WHAT YOU ARE ASKED TO DO:
Take the material below and restate it word for word, stopping after the line in which "A prisoner accompanied" occurs.

INFORMATION SUPPLIED:
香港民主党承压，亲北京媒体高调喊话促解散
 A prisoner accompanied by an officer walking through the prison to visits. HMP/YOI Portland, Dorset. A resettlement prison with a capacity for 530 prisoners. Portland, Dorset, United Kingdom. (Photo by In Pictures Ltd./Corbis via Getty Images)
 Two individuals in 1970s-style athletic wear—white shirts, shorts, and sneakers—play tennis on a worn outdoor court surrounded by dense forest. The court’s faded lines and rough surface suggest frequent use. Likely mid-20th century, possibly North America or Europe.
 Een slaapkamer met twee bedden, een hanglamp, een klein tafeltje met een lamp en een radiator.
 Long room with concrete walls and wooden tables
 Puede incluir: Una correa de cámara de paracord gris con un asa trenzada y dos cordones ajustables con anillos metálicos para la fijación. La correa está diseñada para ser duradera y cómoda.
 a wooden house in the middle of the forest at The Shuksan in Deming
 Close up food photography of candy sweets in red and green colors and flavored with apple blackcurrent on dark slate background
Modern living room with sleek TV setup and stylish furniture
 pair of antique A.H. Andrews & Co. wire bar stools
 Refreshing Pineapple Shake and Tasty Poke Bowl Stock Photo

YOUR SOLUTION:
香港民主党承压，亲北京媒体高调喊话促解散
 A prisoner accompanied by an officer walking through the prison to visits. HMP/YOI Portland, Dorset. A resettlement prison with a capacity for 530 prisoners. Portland, Dorset, United Kingdom. (Photo by In Pictures Ltd./Corbis via Getty Images)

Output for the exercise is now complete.